Empirical Validation: Testing on three distinct datasets:
- Digits Dataset: Distinguishing one digit class from others.
- Olivetti Faces Dataset: Distinguishing face identities.
- Cybersecurity Dataset: Detecting cyber-attacks (brute force, scanning, slowloris) against normal network requests.

Results

Digits Dataset:
- ACGCTNAD (Global): Achieved maximum AUROC values ranging from 0.74 to 0.997. Performance often peaked at very low compression values ( $\tau$ ), suggesting that aggressive compression removes anomalous structures while retaining normal ones.
- ACLCTNAD (Local): Achieved perfect AUROC (1.0) for all digit classes.

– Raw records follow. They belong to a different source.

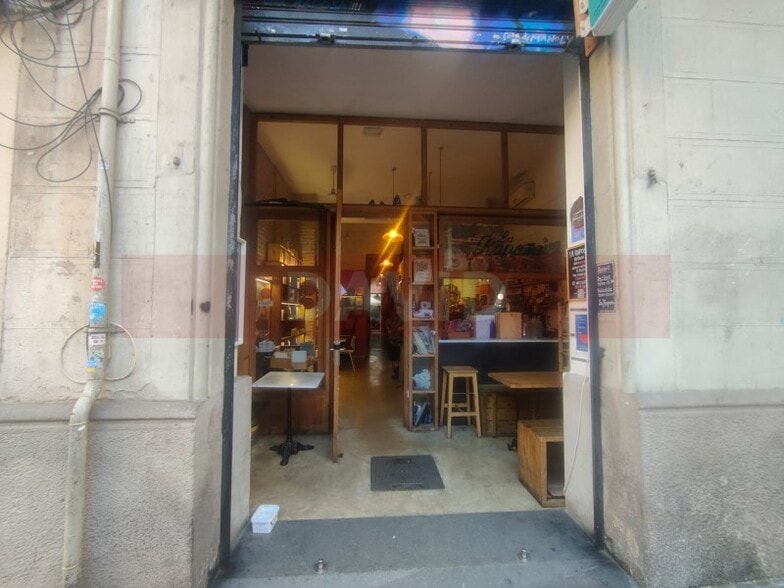 Retail in Barcelona, Barcelona to rent - Interior Photo - Image 2 of 4
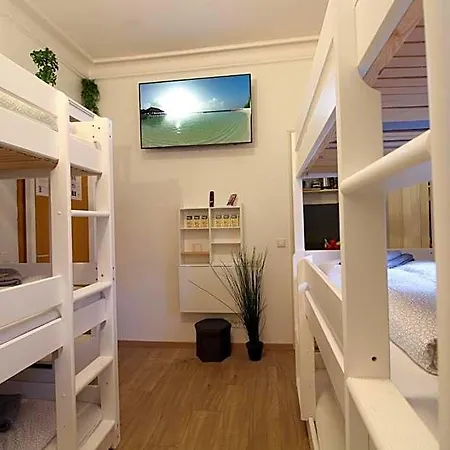 Zentrum - Komplettes Zimmer, Hochbett, Android Tv & Eigenem Bad - Perfekt Fuer Familien & Gruppen *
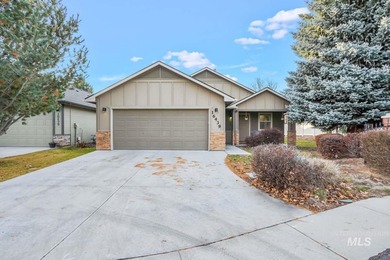 Welcome to this beautifully maintained 3-bedroom, 2-bath - photo 1
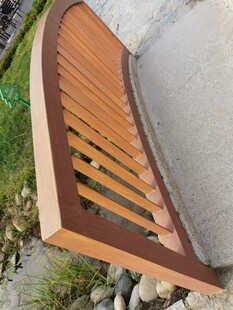 木质弧形户外长椅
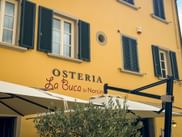 Gelbe Fassade eines Ristorante in der Toskana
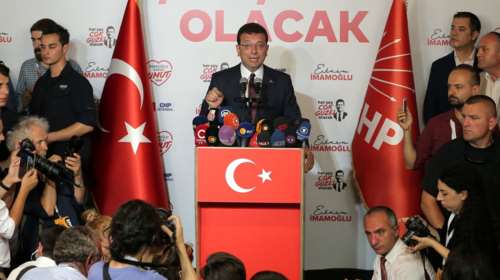 Σύγκρουση Ερντογάν - Ιμάμογλου: Έρευνα κατά του δημάρχου της Κωνσταντινούπολης για εκστρατεία με αφίσες κατά του &quot;σουλτάνου&quot;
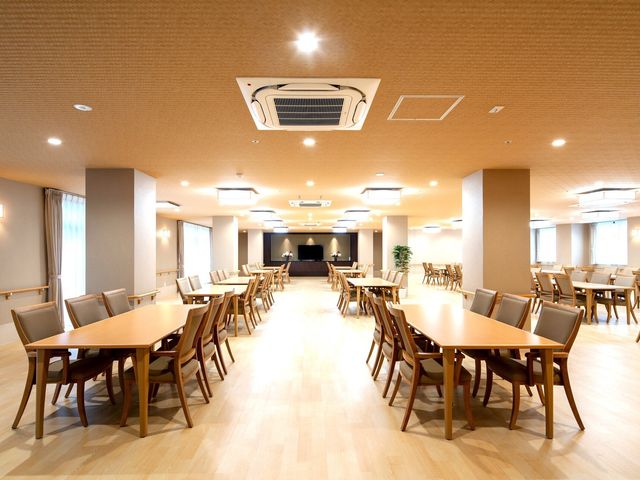 広々とした食堂 食堂 広々としたスペースが確保された明るい食事の場所です。大人数での利用に最適です。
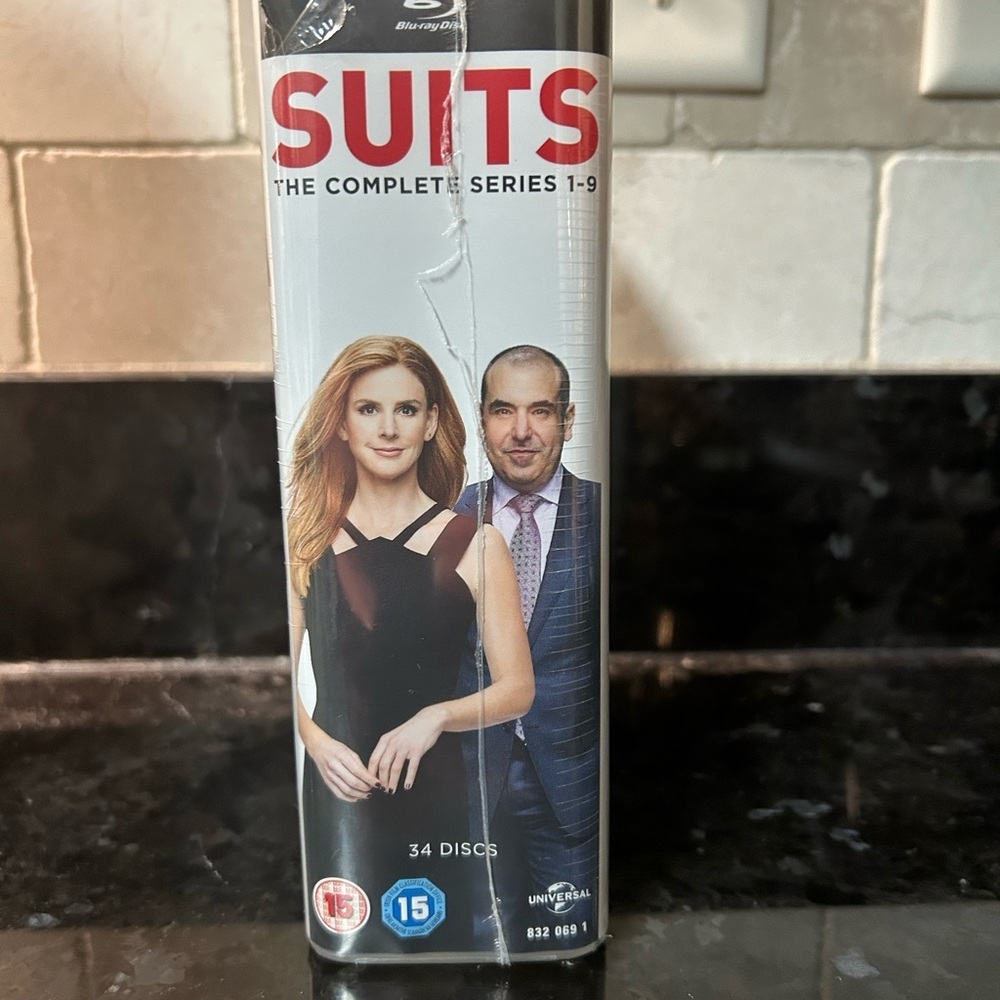 Suits - the complete series - Picture 4 of 4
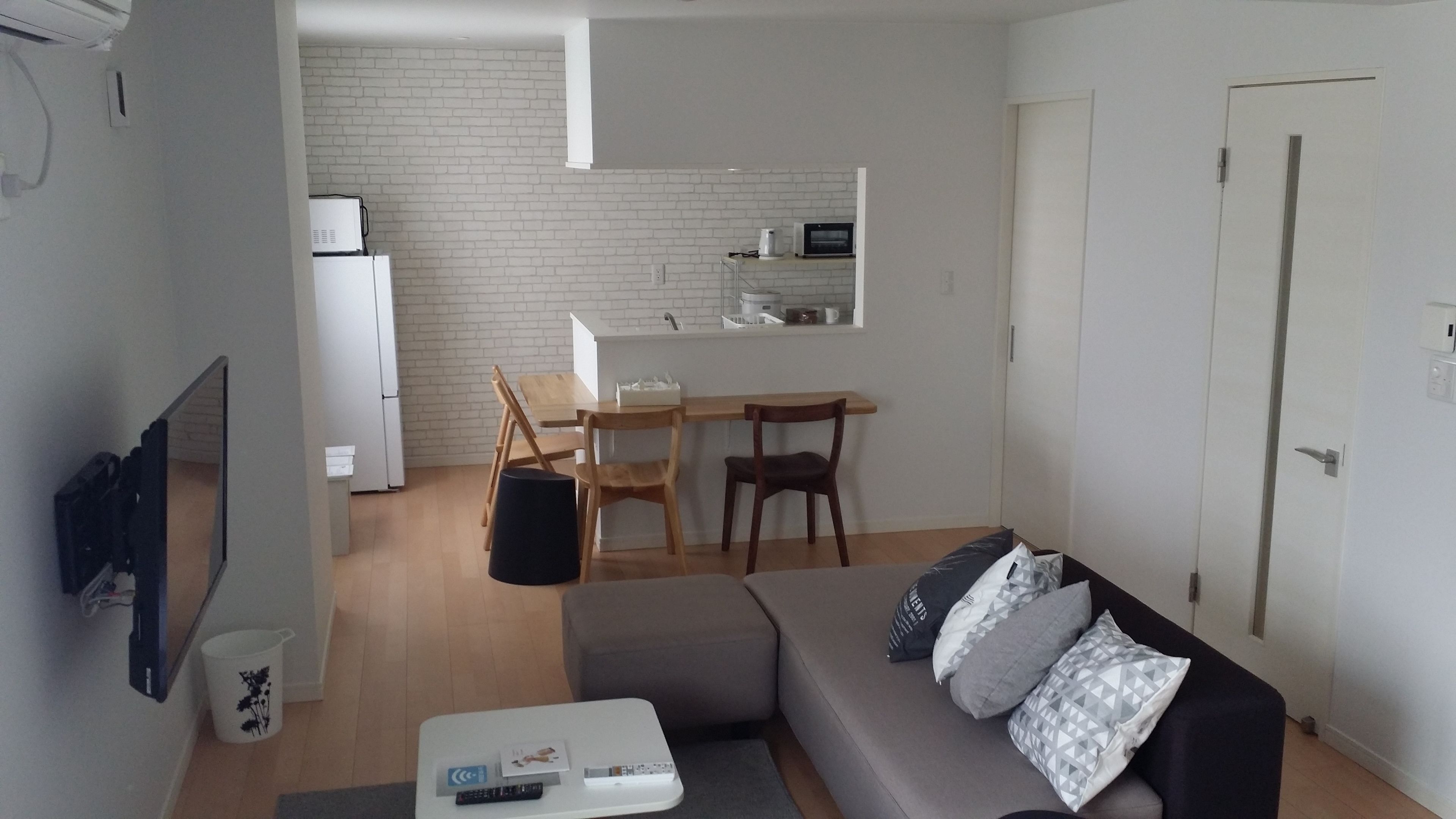 twin room | 1 bedroom, in-room safe, individually decorated, individually furnished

However, the method was noted to be 50 times slower than the global method. Additionally, it exhibited a "score orientation reversal" at low compression values (AUROC dropping to 0), requiring post-hoc inversion of scores, which limits its unsupervised utility.
Olivetti Faces Dataset:
- The global method (ACGCTNAD) showed variable performance depending on the class, with AUROC values ranging from 0.69 to 1.0. The authors attribute lower performance in some cases to the small sample size (approx. 8-9 normal samples per class) or the specific nature of the data.
Cybersecurity Dataset:
- Without Scaler: The ACGCTNAD method achieved exceptional results with an AUROC of 0.98 and 97.72% accuracy at $\tau = 0.01$ .
- With Standard Scaler: Performance degraded significantly. The authors observed that applying a standard scaler "ruins the results," likely because it alters the underlying structural norms that the tensor network relies on for detection.
- Unsupervised Mode: When tested without a training dataset (using only test data), the method maintained high performance (97.5% accuracy) without a scaler, but performance dropped to 64.7% with a scaler.

Significance and Claims
The paper claims that the proposed tensor network approach offers a versatile and effective alternative for anomaly detection, particularly in high-dimensional settings. The authors highlight that:

Structure Preservation: The method's power arises from the ability of tensor networks to capture and preserve the structural relationships of normal data while discarding the diffuse structures of anomalies.
Counter-Intuitive Compression: Optimal detection often occurs at low compression values (low $\tau$ ), where the representation deletes anomalous structures but retains normal ones, a phenomenon that may seem counter-intuitive compared to standard compression goals.
Sensitivity to Preprocessing: The results emphasize that data preprocessing, specifically standard scaling, can be detrimental to this specific approach, as it may destroy the structural features the algorithm is designed to detect.
Trade-offs: While local methods (ACLCTNAD) can achieve perfect separation, they are computationally expensive and rely on heuristic alignment. Global methods (ACGCTNAD) offer a better balance of speed and accuracy, making them more practical for many applications.

The authors conclude that while their results are promising, a more exhaustive evaluation involving comparisons with standard baselines (PCA, Isolation Forest, Autoencoders, etc.) and rigorous statistical reporting (random seeds, standard deviations) is necessary for future work. They also suggest future research directions including the use of other tensor network structures (like PEPS), application to text and video data, and the evaluation of the mathematically principled projection-based local variant.